Segment Start: Recorded data
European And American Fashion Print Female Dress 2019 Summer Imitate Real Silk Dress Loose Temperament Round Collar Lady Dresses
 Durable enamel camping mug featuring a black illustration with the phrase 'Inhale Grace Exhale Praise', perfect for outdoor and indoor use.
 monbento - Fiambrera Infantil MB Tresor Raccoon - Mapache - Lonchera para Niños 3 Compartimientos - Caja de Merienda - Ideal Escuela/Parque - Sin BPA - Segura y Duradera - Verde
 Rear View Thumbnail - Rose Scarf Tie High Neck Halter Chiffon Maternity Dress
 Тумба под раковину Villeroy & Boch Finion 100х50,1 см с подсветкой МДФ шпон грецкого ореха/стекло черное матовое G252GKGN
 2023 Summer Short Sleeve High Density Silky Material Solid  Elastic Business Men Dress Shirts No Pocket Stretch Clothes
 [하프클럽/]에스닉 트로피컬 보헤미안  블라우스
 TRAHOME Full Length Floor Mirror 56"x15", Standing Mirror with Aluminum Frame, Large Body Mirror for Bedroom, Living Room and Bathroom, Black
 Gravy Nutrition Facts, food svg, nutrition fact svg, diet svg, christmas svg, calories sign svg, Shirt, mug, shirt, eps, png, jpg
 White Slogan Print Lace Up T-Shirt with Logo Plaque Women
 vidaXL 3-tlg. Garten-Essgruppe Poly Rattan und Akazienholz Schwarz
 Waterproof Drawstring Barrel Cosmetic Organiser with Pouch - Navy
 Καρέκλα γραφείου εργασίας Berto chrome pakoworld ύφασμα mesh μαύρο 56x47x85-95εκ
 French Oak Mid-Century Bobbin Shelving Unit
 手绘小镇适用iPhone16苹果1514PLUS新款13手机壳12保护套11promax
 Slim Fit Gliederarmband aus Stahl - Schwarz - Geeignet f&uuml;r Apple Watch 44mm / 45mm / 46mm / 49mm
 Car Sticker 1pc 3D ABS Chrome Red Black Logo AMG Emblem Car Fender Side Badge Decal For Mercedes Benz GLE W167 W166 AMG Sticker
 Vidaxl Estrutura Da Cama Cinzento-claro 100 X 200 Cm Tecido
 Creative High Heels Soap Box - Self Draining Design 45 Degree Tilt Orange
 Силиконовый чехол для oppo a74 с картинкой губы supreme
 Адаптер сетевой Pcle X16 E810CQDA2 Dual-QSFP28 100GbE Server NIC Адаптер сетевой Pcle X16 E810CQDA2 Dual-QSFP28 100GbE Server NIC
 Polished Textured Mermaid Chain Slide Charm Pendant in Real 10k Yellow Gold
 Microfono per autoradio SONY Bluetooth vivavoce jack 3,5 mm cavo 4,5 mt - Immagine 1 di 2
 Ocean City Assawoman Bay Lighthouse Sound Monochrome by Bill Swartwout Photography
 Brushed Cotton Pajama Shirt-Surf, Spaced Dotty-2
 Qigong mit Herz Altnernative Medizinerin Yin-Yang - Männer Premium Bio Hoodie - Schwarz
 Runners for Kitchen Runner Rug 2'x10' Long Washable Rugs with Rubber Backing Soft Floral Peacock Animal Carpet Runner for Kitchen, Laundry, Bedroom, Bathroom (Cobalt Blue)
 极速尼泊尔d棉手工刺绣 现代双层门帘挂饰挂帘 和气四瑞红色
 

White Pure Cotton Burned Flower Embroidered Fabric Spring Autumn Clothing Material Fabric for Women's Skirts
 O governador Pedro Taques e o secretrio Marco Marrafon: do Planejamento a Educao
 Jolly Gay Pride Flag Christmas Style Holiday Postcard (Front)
Segment End: Recorded data
§ **What to work on**
Please retype the top of the data exactly, down to and including the line that holds "手绘小镇适用iPhone16", and nothing further.

§ **Exercise solution**
European And American Fashion Print Female Dress 2019 Summer Imitate Real Silk Dress Loose Temperament Round Collar Lady Dresses
 Durable enamel camping mug featuring a black illustration with the phrase 'Inhale Grace Exhale Praise', perfect for outdoor and indoor use.
 monbento - Fiambrera Infantil MB Tresor Raccoon - Mapache - Lonchera para Niños 3 Compartimientos - Caja de Merienda - Ideal Escuela/Parque - Sin BPA - Segura y Duradera - Verde
 Rear View Thumbnail - Rose Scarf Tie High Neck Halter Chiffon Maternity Dress
 Тумба под раковину Villeroy & Boch Finion 100х50,1 см с подсветкой МДФ шпон грецкого ореха/стекло черное матовое G252GKGN
 2023 Summer Short Sleeve High Density Silky Material Solid  Elastic Business Men Dress Shirts No Pocket Stretch Clothes
 [하프클럽/]에스닉 트로피컬 보헤미안  블라우스
 TRAHOME Full Length Floor Mirror 56"x15", Standing Mirror with Aluminum Frame, Large Body Mirror for Bedroom, Living Room and Bathroom, Black
 Gravy Nutrition Facts, food svg, nutrition fact svg, diet svg, christmas svg, calories sign svg, Shirt, mug, shirt, eps, png, jpg
 White Slogan Print Lace Up T-Shirt with Logo Plaque Women
 vidaXL 3-tlg. Garten-Essgruppe Poly Rattan und Akazienholz Schwarz
 Waterproof Drawstring Barrel Cosmetic Organiser with Pouch - Navy
 Καρέκλα γραφείου εργασίας Berto chrome pakoworld ύφασμα mesh μαύρο 56x47x85-95εκ
 French Oak Mid-Century Bobbin Shelving Unit
 手绘小镇适用iPhone16苹果1514PLUS新款13手机壳12保护套11promax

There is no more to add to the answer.